Equity & Social Justice Advisory Group Resources: Home
The University at Buffalo Libraries supports and advocates for the principles outlined in UB’s Inclusive Excellence Strategic Plan. Issues of diversity, inclusion, equity, and social justice should not be relegated to the work of a single group or individual, but integrated into the daily work of the Libraries. Everyone in the Libraries is responsible for participating in the activities and goals of this group. The Equity and Social Justice Advisory Group (ESJAG) serves as an advisory body to the VPUL and:
- Advocates for diversity, inclusion, equity, and social justice, and fights systems of oppression surrounding ability, age, class, gender, nation, race, religion, and sexual orientation, both implicit and explicit, among Libraries’ employees and in Libraries’ work practices;
- Supports and coordinates trainings, education, and conversations to facilitate difficult and meaningful change in the Libraries;
- Recommends outreach and engagement activities to connect with and support the UB community around relevant issues;
- Recommends Libraries-wide policy or procedural changes;
- Assists in implementation of the Libraries’ overall strategic plan and assessment of strategic goals;
- Liaises with university-wide initiatives and communicates with leadership and staff across the Libraries.
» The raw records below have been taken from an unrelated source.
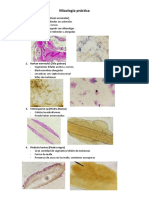 Examen Practico de Mico Con Imagenes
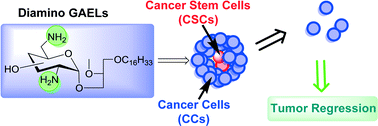 Graphical abstract: Design, synthesis and evaluation of cytotoxic properties of bisamino glucosylated antitumor ether lipids against cancer cells and cancer stem cells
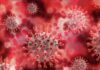 uk-mutant-coronavirus-strain-found-in-india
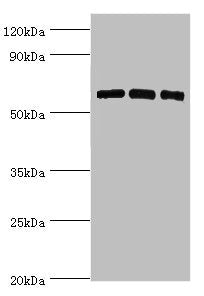 PRKAA2 Antibody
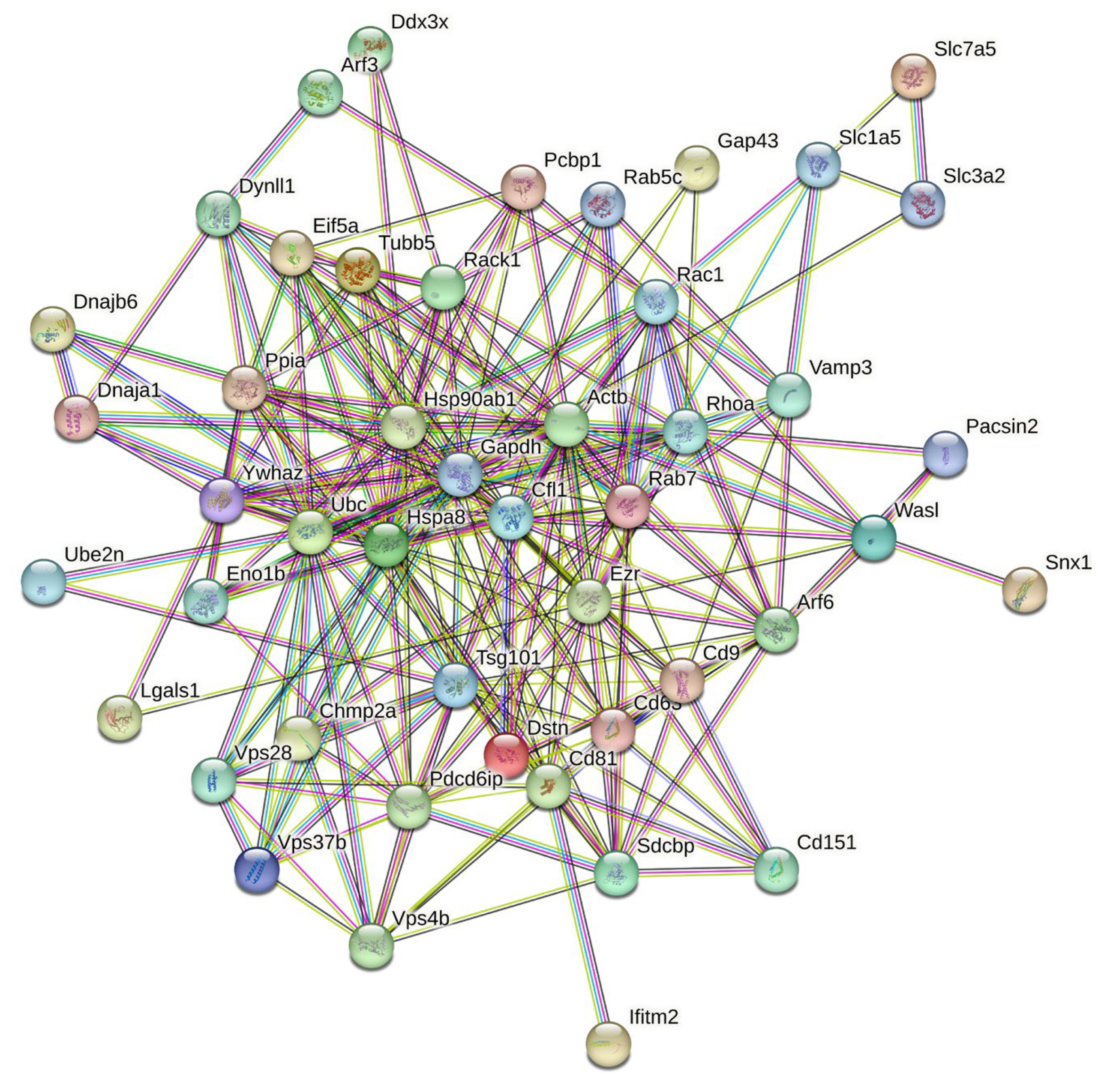 Viruses 16 00916 g002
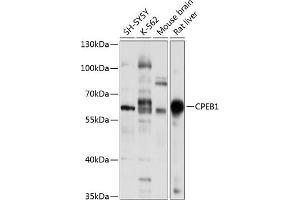Western blot analysis of extracts of various cell lines, using CPEB1 antibody (ABIN6127656, ABIN6138945, ABIN6138946 and ABIN6221617) at 1:1000 dilution. (CPEB1 anticorps  (AA 282-561))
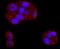 Tumor Protein P53 Binding Protein 2 antibody, NBP2-67094, Novus Biologicals, Immunofluorescence image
This list of resources is not comprehensive, but aims to provide a starting point for research into social justice topics. If you have suggestions for additions to this guide, or comments on resources that are included, please contact Stacy Snyder (firstname.lastname@example.org)
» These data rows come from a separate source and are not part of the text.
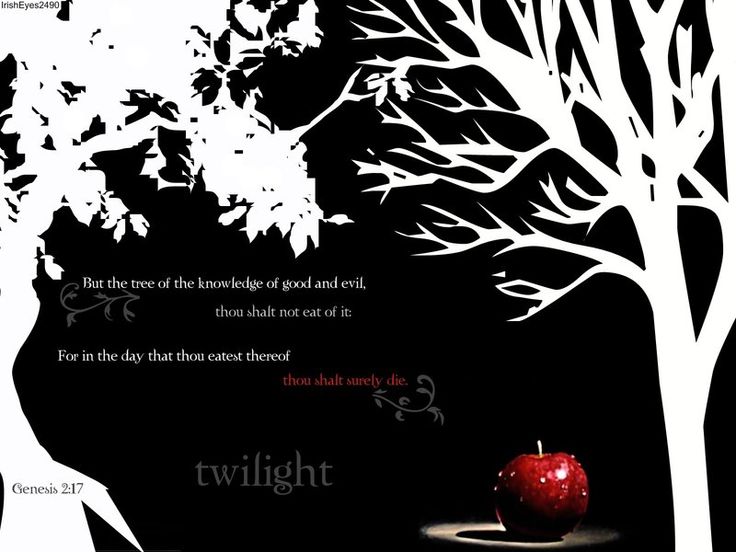 (irisheyes2490.deviantart.com) As illustrated with the two trees in Genesis—the tree of the knowledge of good and evil and the tree of life—God repeatedly holds out two options for us throughout the Bible: life or death. Like our ancestors, Adam and Eve, it's an individual decision. 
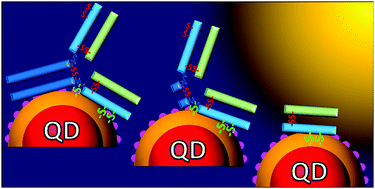 Graphical abstract: Direct conjugation of antibodies to the ZnS shell of quantum dots for FRET immunoassays with low picomolar detection limits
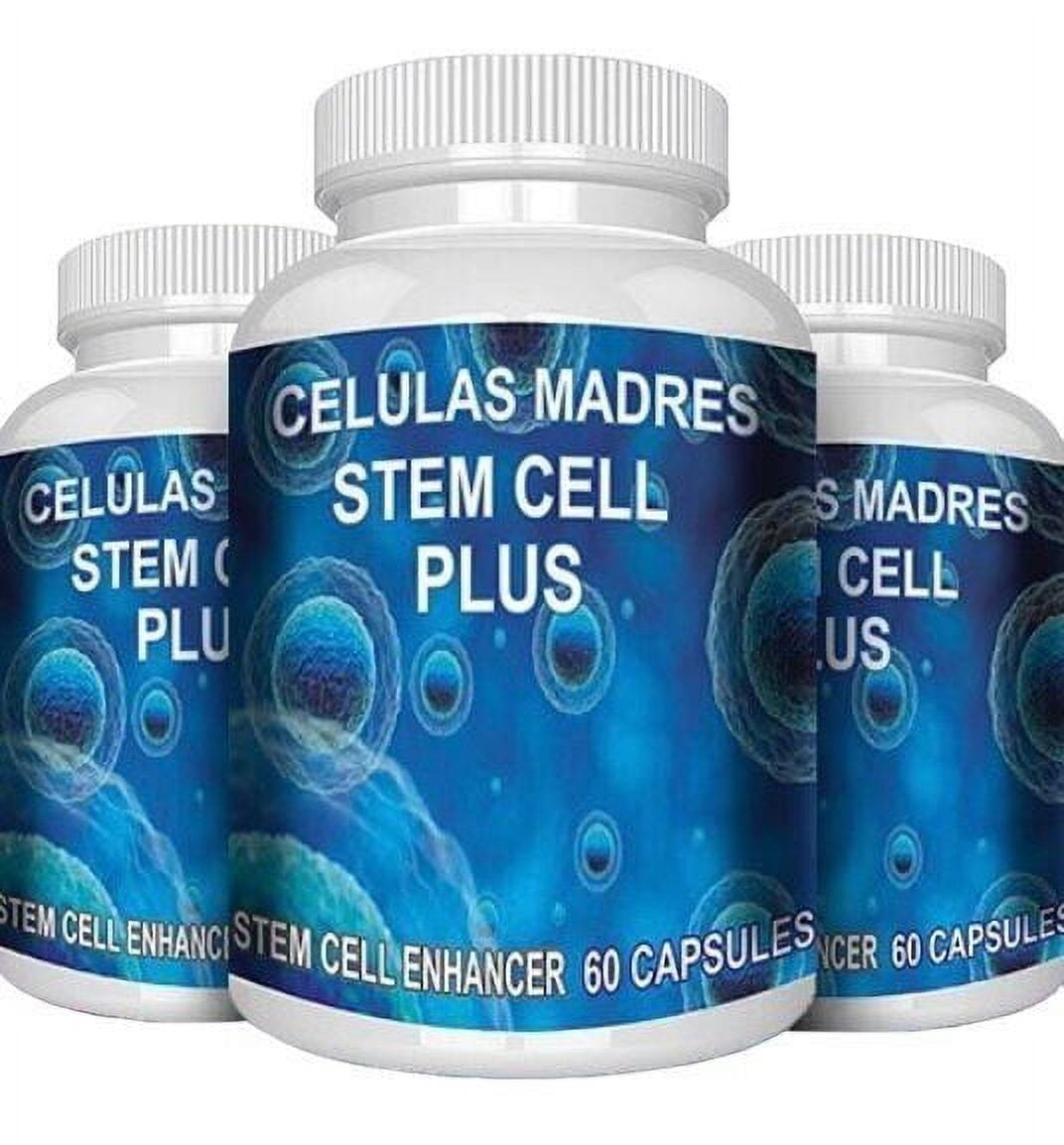 Celulas Madres steam enh-ancer 100% madre cell stem cells immune support - 60 Capsules (Pack of 3)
Land Acknowledgement Statement
We would like to begin by acknowledging the land on which the University at Buffalo operates, which is the territory of the Seneca Nation, a member of the Haudenosaunee/Six Nations Confederacy. This territory is covered by The Dish with One Spoon Treaty of Peace and Friendship, a pledge to peaceably share and care for the resources around the Great Lakes. It is also covered by the 1794 Treaty of Canandaigua, between the United States Government and the Six Nations Confederacy, which further affirmed Haudenosaunee land rights and sovereignty in the State of New York. Today, this region is still the home to the Haudenosaunee people, and we are grateful for the opportunity to live, work, and share ideas in this territory.